The SIM800 module is great for making a simple phone and listening to the radio, but i noticed it also has a DTMF decoder onboard which allows us to control our Arduino remotely! DTMF are the ‘touchtone’ signals you can send over the phone line using the dialpad on your phone.

Below project uses an Arduino Uno and a SIM800 module to control some LED’s, a buzzer, and a 220V relay by calling the number of the SIM card and entering numbers on my phone’s dialpad.

I needed to configure the SIM module as follows:

• automatically pick up any incoming call after 1 ring: ATS0=1
• enable DTMF: AT+DDET=1,1000,0,0 (see AT commands datasheet for parameters)
• listen for incoming DTMF values on the Serial connection (format: +DTMF: x)
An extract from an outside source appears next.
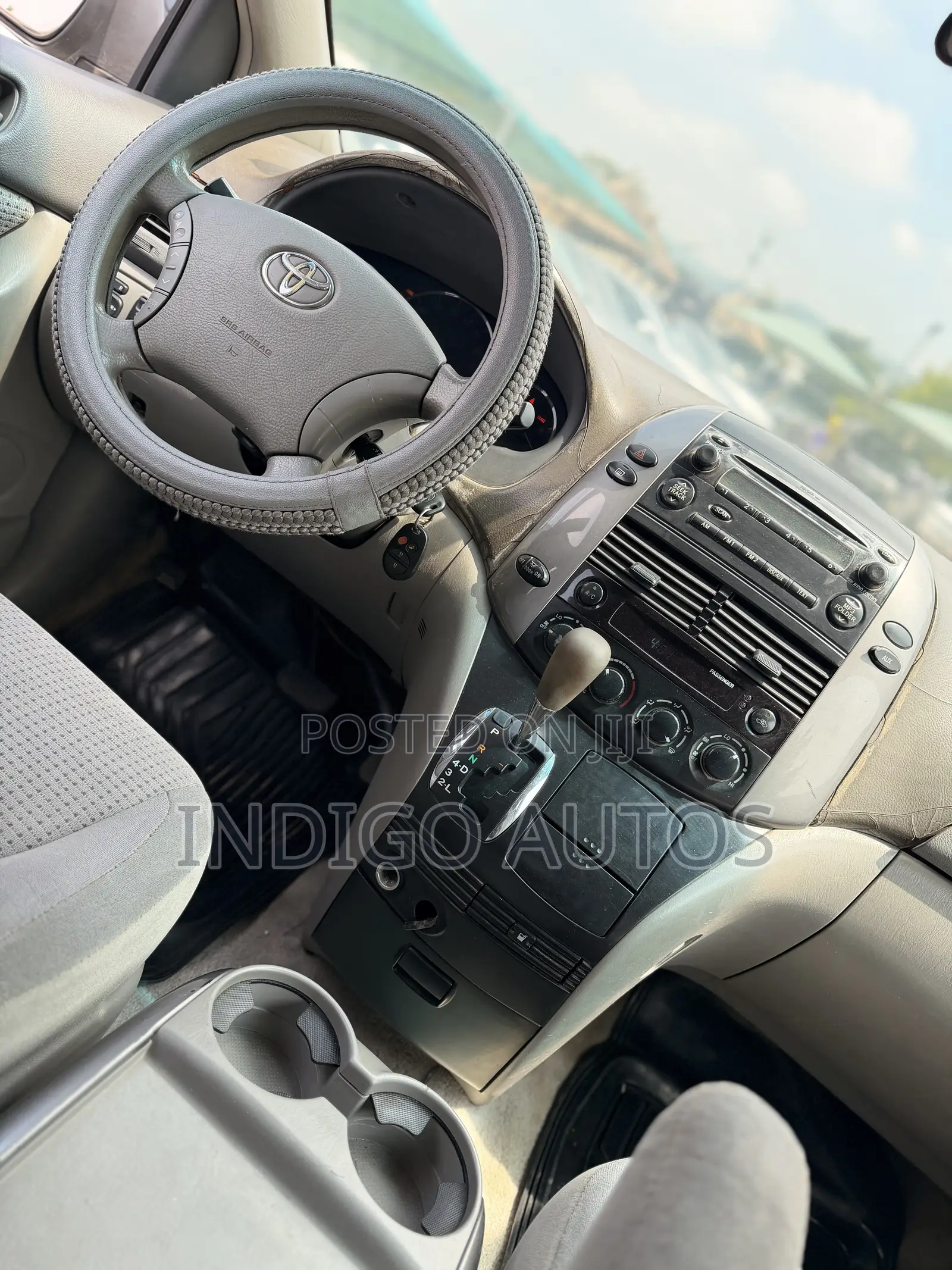 Toyota Sienna 2006 Gold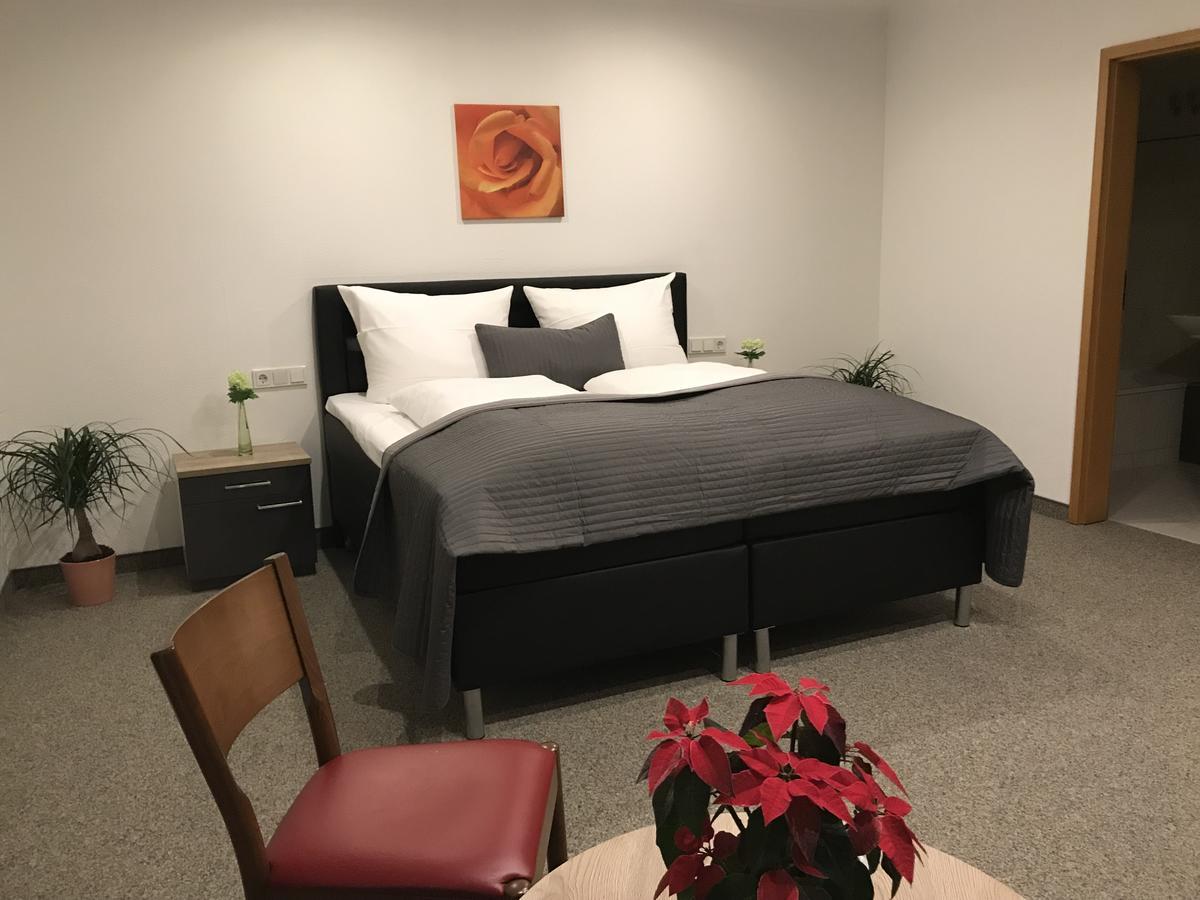 Pension Scheiber Hof Нойнкирхен Екстериор снимка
I programmed my sketch (see below) to react as follows when i press these numbers on my phone’s dialpad:

• 1 = toggle the blue LED and the relay
• 2 = move the servo to the open position
• 3 = move the servo to the closed position
• 4 = make a siren sound on the buzzer
• 7 = switch on the yellow LED
• 8 = switch off the yellow LED

The relay is a cheap 5V relay with 3 connections: 5V, GND, and on/off signal that can be driven straight from an Arduino digital output pin. I put it inside a plastic box and added a 220V plug and socket. I also built a bit of Lego for a servo to open a kind of gate. Overview of the setup below:

• Arduino Uno on the top, powered by USB charger (the SIM module takes a lot of power, sometimes a laptop’s USB port cannot supply enough power)
• breadboard in the middle, with OLED screen, LED’s and buzzer
• Lego gate with servo
• 5V relay with plug and socket

Now i can switch on my coffee machine with a simple phone call from anywhere in the world!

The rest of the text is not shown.